Now we illustrate the proposed procedures by an analysis of a real data set from a nutritional epidemiology study. In nutrition research, the assessment of an individual’s usual intake diet is difficult but important in studying the relation between diet and cancer as well as in monitoring dietary behavior. Food Frequency Questionnaires (FFQ) are frequently administered. FFQ’s are thought to often involve a systematic bias (i.e., under-or over-reporting at the level of the individual). Two commonly used instruments are the 24-hour food recall and the multiple-day food record (FR). Each of these FR’s is more work-intensive and more costly, but is thought to involve considerably less bias than a FFQ.

We consider the data from the Nurses’ Health Study (NHS), which is a calibration study of size n = 168 women, all of whom completed a single FFQ, y, and four multiple-day food diaries (J_i = 4 in our notation), x₁. Other variables from this study include 4-day energy and Vitamin A (VA), x₂, the energy intake, x₃, body mass index (BMI), x₄, and age, z. A subset of this data set has been analyzed in Carroll, Freedman, Kipnis, and Li (1998).

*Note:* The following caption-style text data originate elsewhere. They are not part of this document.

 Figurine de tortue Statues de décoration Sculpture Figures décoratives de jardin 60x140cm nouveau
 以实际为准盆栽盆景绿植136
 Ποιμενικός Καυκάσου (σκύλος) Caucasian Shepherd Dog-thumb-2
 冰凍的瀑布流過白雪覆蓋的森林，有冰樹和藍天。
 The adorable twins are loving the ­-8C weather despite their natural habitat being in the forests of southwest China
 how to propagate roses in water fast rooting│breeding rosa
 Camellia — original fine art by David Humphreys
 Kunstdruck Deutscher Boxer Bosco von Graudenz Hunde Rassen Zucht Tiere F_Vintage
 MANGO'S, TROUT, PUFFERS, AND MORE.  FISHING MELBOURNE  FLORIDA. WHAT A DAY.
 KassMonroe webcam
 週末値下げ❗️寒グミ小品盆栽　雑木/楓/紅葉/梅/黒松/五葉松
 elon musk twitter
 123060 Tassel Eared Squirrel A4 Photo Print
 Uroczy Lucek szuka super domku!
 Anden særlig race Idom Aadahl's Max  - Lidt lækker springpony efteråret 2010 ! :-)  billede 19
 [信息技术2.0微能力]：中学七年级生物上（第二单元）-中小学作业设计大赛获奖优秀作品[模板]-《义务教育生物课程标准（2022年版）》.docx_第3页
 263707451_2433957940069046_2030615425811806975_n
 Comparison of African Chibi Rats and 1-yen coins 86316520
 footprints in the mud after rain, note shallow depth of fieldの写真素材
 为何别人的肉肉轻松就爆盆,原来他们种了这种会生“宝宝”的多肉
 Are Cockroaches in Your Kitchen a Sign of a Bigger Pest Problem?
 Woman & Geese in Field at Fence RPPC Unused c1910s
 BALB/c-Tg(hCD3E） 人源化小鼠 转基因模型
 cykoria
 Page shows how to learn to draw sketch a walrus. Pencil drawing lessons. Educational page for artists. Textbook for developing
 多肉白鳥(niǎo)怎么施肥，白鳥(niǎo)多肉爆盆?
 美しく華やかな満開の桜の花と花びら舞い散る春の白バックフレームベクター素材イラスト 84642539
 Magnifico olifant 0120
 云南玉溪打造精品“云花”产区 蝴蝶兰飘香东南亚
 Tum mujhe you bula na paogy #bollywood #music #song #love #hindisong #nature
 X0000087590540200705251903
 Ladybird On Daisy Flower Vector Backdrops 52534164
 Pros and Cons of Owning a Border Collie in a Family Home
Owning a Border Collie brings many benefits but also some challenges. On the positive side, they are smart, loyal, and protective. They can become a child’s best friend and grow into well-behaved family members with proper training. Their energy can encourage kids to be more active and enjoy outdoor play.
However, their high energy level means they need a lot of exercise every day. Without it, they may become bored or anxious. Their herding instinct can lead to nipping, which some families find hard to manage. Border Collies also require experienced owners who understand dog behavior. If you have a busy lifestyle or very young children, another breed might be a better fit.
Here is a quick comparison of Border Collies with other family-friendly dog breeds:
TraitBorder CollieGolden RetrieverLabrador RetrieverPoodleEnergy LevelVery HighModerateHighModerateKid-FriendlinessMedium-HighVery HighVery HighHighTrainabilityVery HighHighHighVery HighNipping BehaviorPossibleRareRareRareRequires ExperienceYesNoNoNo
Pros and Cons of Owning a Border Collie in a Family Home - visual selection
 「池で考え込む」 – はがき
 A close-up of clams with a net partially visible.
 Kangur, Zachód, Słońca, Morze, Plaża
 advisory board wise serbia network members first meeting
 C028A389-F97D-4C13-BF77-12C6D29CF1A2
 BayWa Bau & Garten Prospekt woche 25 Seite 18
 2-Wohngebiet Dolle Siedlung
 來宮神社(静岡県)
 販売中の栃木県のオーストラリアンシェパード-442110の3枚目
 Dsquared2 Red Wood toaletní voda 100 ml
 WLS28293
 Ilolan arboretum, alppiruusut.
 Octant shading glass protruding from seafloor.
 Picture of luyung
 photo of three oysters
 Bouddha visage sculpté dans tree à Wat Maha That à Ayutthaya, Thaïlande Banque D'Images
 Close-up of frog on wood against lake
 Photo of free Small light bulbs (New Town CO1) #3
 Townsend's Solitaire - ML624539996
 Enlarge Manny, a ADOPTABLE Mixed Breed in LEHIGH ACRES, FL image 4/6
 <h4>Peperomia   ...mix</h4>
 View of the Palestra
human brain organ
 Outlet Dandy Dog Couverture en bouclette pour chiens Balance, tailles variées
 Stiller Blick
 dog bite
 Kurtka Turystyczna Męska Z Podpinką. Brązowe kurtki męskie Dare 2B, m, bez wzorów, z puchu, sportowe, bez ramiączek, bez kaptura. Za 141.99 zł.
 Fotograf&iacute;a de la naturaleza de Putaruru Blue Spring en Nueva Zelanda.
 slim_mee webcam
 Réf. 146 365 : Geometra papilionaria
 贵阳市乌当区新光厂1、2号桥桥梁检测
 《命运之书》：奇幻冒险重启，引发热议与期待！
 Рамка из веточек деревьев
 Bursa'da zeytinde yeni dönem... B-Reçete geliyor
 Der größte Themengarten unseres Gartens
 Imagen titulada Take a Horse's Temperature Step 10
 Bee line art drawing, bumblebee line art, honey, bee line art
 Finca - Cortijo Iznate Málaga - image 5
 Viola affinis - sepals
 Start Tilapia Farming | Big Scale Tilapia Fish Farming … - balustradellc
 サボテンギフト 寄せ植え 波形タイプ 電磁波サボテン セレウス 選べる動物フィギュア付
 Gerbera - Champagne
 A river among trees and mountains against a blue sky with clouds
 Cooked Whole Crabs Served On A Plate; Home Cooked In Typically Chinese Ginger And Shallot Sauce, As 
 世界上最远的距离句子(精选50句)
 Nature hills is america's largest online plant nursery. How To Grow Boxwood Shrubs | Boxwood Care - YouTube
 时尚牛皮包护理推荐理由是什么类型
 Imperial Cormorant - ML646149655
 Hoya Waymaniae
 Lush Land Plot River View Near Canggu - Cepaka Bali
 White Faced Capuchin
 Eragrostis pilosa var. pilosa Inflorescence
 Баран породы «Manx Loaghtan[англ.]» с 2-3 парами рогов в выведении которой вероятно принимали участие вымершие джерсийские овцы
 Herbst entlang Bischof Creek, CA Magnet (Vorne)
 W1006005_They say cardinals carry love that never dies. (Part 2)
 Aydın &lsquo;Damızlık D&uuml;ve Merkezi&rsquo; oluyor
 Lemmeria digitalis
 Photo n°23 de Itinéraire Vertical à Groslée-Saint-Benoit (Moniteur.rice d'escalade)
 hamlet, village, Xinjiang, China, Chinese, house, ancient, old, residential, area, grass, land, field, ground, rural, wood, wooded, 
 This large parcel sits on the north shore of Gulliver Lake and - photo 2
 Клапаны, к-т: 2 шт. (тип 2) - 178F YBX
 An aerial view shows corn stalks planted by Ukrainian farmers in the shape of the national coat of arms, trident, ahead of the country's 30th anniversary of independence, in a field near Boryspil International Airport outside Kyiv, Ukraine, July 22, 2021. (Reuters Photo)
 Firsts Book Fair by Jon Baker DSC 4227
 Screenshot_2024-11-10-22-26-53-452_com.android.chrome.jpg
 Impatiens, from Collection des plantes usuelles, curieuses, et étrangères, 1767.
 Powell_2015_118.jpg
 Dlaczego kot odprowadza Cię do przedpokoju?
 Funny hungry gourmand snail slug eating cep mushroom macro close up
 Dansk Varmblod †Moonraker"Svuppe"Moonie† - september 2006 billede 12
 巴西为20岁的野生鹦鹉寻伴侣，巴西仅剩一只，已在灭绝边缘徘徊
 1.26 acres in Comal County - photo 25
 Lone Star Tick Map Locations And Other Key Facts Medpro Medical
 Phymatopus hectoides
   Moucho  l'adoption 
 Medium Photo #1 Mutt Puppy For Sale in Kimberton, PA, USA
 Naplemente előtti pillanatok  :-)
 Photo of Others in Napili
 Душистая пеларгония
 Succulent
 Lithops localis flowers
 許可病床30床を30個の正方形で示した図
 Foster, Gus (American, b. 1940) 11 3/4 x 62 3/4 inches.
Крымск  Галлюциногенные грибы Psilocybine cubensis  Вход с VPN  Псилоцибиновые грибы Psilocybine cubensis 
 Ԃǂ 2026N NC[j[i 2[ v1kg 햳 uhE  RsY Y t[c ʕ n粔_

Because of measurement errors, x₁ is not directly observable. Four replicates of x₁, denoted by w₁, …, w₄, are collected for each subject. Of interest here is to investigate the relation between FFQ and FR, and the other four factors. As an illustration, the following PLMeM is considered:

y = ν (z) + \sum_{k = 1}^{4} β_{k} x_{k} + \sum_{u = 2}^{4} \sum_{v = u}^{4} β_{u v} x_{u} x_{v} + ε,

(4.1)

and for each subject,

w_{j} = x_{1} + u_{j}, j = 1, \dots, 4,

are observed. We apply the SCAD variable selection procedure to the model. Since the linear component in (4.1) is quadratic in the X-variables, we do not penalize the linear effects β_j, j = 1, …, 4, but penalize all other β’s in the SCAD procedure. The selected λ is 6.9857 by minimizing the BIC score. With the selected λ, the estimated coefficients for the selected model by SCAD are presented in the 3rd column of Table 6. For the purpose of comparison, the estimated coefficients and their standard errors are listed in the 2nd column of Table 6. We further apply the penalized quantile regression procedure with τ =0.1, 0.25, 0.5, 0.75 and 0.9. The resulting estimates are given in the columns of 4th to 8th in Table 6, respectively. From Table 6, the estimates of regression for different values of τ are almost the same. This implies that the error likely is homogeneous error. Furthermore, the selected model by the SCAD indicates that all interactions and quadratic terms are not significant. To further confirm this, we construct a Wald’s test based on the asymptotic normality in Theorem 2 without involving the penalty for hypothesis:

H_{0} : β_{u v} = 0, for 2 \leq u \leq v \leq 4 versus H_{1} : β_{u v} \neq 0, for 2 \leq u \leq v \leq 4.

Table 6.

NHS study: Estimated coefficients and standard errors for the full model, the models selected by penalized least squares method and quantile regression method using the SCAD procedure.

Variable

Full Model

SCAD LS

SCAD τ = 0.1

SCAD τ = 0.25

SCAD τ = 0.5

SCAD τ = 0.75

SCAD τ = 0.9

x₁

−0.0200(0.0162)

−0.0231(0.0175)

0.0217

0.0181

0.0207

0.0192

0.0219

x₂

0.2694(0.0248)

0.2659(0.0257)

0.2741

0.2685

0.2599

0.2576

0.2523

x₃

−0.0551(0.0232)

−0.0483(0.0244)

−0.0184

−0.0190

−0.0229

−0.0232

−0.0244

x₄

0.0420(0.0284)

0.0016(0.0212)

−0.0137

−0.0161

−0.0086

−0.0133

−0.0110

x_{2}^{2}

−0.0264(0.0170)

0(0.0000)

x₂x₃

0.0060(0.0227)

0(0.0000)

x₂x₄

0.0298(0.0285)

0(0.0000)

x_{3}^{2}

−0.0203(0.0134)

0(0.0000)

x₃x₄

0.0297(0.0324)

0(0.0000)

x_{4}^{2}

−0.0216(0.0103)

0(0.0000)

Open in a new tab

From Theorem 2, the limiting distribution of the Wald test follows a chi-square distribution with 6 degrees of freedom. The resulting Wald’s test is 12.4969 with P-value 0.0518, which is in favor of H₀ at significance level 0.05. Thus, we would conclude the following selected model

\hat{y} = \hat{ν} (z) - 0.0230 x_{1} + 0.2705 x_{2} - 0.0497 x_{3} + 0.0158 x_{4},

where ν̂ (z) equals m̂ (z) − m̂_w(z)^Tβ̂ and is depicted in Figure 1.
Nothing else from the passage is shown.